On a publié au quinzième siècle un recueil de dialogues attribués au roi Salomon et à Marcolphe. L'auteur suppose que ce roi renommé par sa sagesse, étant un jour assis sur son trône, aperçoit à ses pieds Marcolphe. Celui-ci, ajoute-t-il, était d'une taille petite et difforme, et d'une tournure commune. Il avait le visage épais et ridé, de grands yeux, de longues oreilles et des lèvres pendantes, une barbe de bouc, de grosses mains, des doigts crochus, le nez pointu, des jambes d'éléphant, la chevelure en désordre ; son costume, aussi étrange que sa personne, se composait principalement d'une tunique courte, sale et tachée. A sa vue, le roi demande : - Qui es-tu ?- Nomme-moi d'abord ta famille, répond Marcolphe, je te nommerai ensuite la mienne. - Moi, je suis issu de l'une des douze familles de Juda : de Juda naquit Pharès, etc. ; mon père était David, et je suis le roi Salomon. - Et moi, je suis issu de l'une des douze familles d Rustre ; de Rustre naquit Rustaud ; de Rustaud, Rustique, etc. ; mon père était le noble Marquet, et moi je suis le fou Marcolphe. - Tu me parais un rusé compère. Or sus, causons. Si tu réponds convenablement à mes questions, je te traiterai en roi ; tu ne me quitteras plus, et tu seras honoré par tout mon royaume.
Alors la conversation s'engage entre les deux interlocuteurs sur une foule de sujets, sur l'homme, la femme, les enfants, les amis, le monde, la nature, les arbres, l'herbe, le vin, la médecine, etc.
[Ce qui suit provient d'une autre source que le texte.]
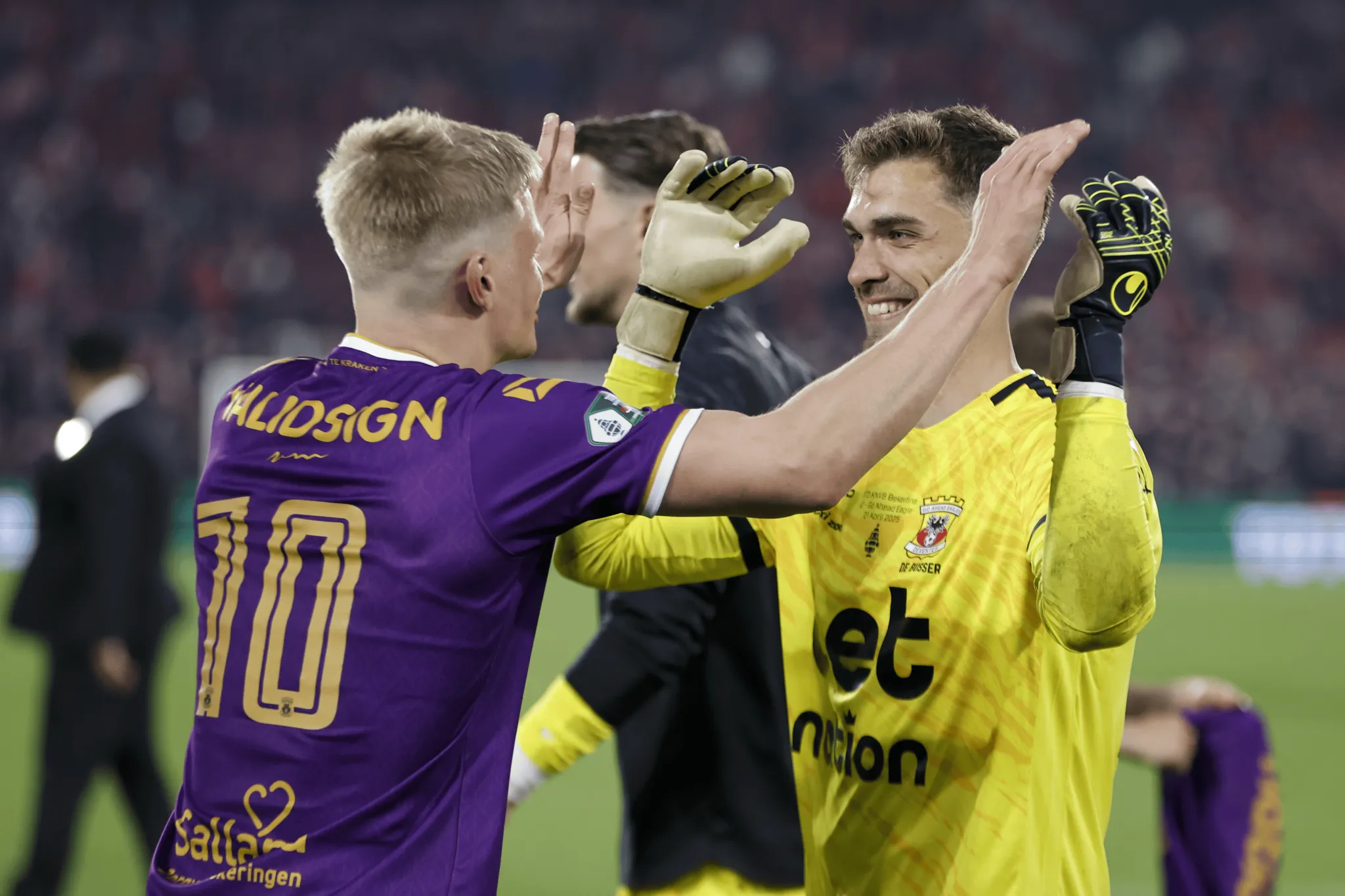 包含荷兰队在比赛中力挫对手,夺取比赛胜利的词条 包含荷兰队在比赛中力挫对手,夺取比赛胜利的词条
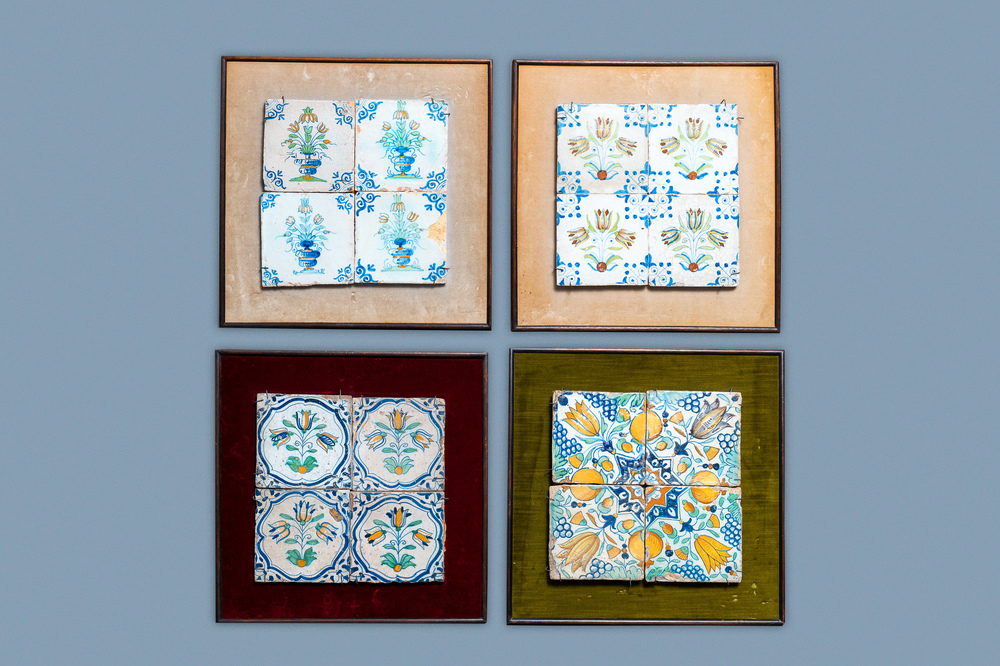 Zestien polychrome Delftse tegels met bloemen en ornamenten, 17e eeuw
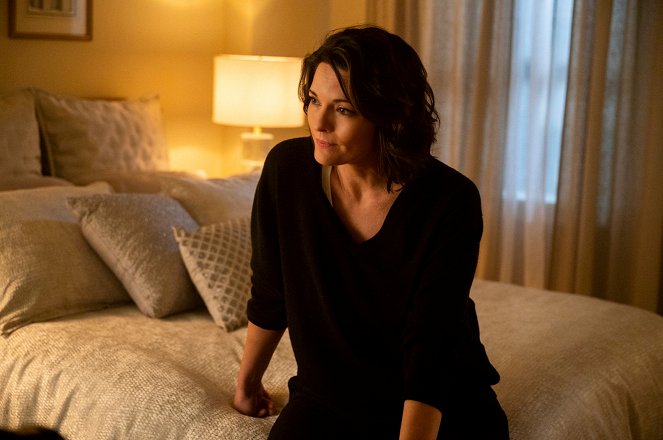 FBI: Special Crime Unit - Face Off - Photos - Alana De La Garza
Le fou a réponse à tout. Sa parole, fine et railleuse, est toujours libre et hardie, parfois aussi impertinente et grossière. Salomon continue son espèce d'interrogatoire jusqu'à ce qu'enfin, irrité de l'insolente audace du fou, il le bannit à jamais de sa présence. Marcolphe s'écrie, en se retirant : Le mensonge qui flatte plaît aux roi : la vérité qui éclaire choque et blesse même les plus sages.